→ **TASK DESCRIPTION**
For every entry below, give it back exactly and leave out any image.

____ RECORDS SHOWN

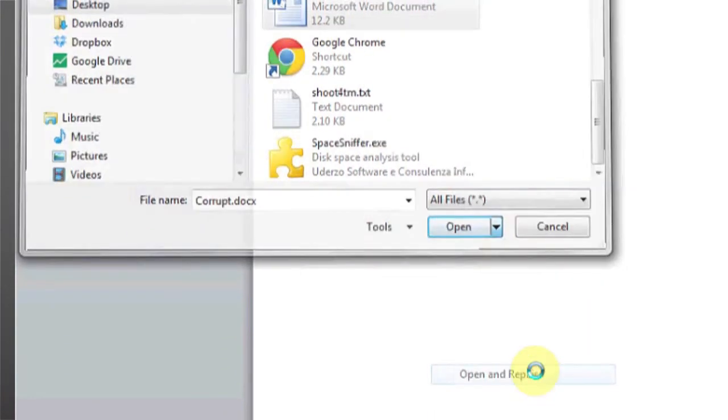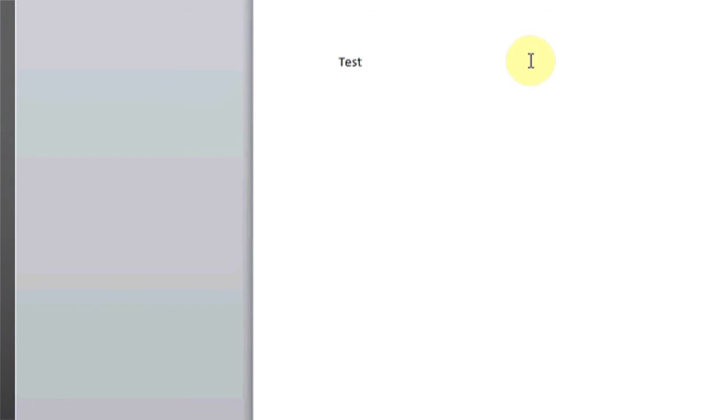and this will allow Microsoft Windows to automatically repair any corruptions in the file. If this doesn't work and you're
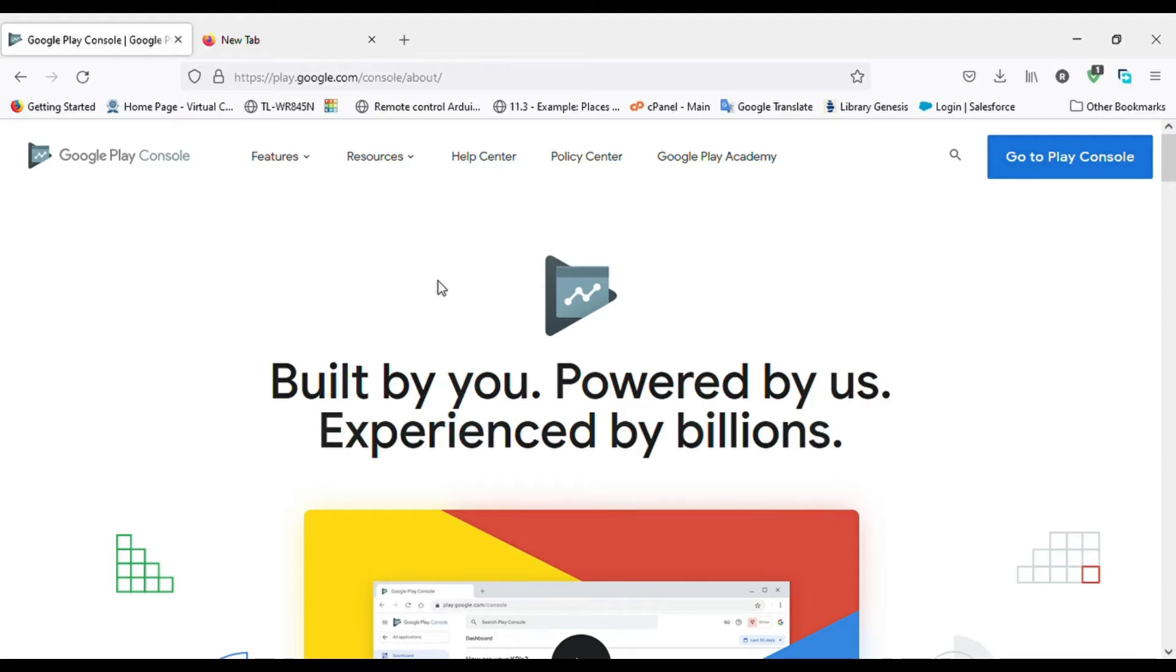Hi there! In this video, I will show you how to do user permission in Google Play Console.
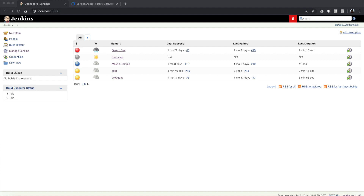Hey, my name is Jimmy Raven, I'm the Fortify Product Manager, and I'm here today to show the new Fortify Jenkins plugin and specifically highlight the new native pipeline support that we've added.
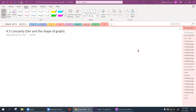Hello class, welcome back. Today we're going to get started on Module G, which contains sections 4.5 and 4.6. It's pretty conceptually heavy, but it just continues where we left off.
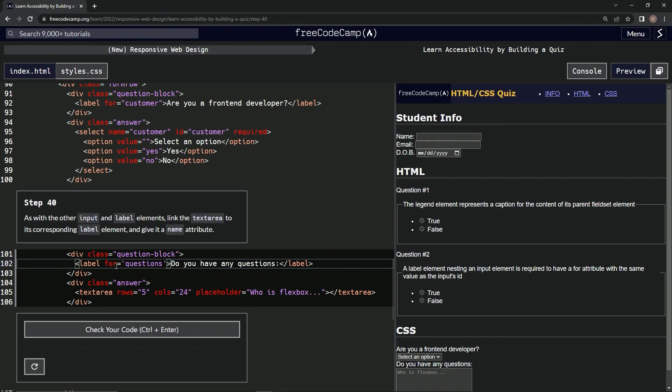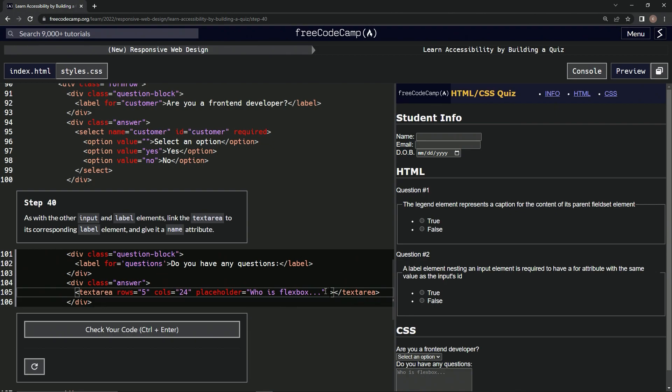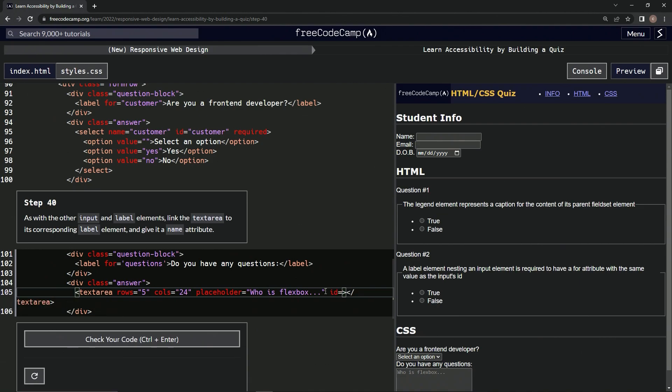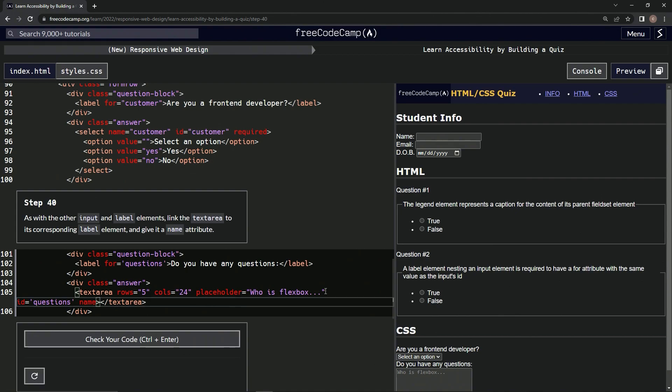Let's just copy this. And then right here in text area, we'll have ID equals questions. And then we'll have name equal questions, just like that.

________

→ **SOLUTION TO THE EXERCISE**
and this will allow Microsoft Windows to automatically repair any corruptions in the file. If this doesn't work and you're
Hi there! In this video, I will show you how to do user permission in Google Play Console.
Hey, my name is Jimmy Raven, I'm the Fortify Product Manager, and I'm here today to show the new Fortify Jenkins plugin and specifically highlight the new native pipeline support that we've added.
Hello class, welcome back. Today we're going to get started on Module G, which contains sections 4.5 and 4.6. It's pretty conceptually heavy, but it just continues where we left off.
Let's just copy this. And then right here in text area, we'll have ID equals questions. And then we'll have name equal questions, just like that.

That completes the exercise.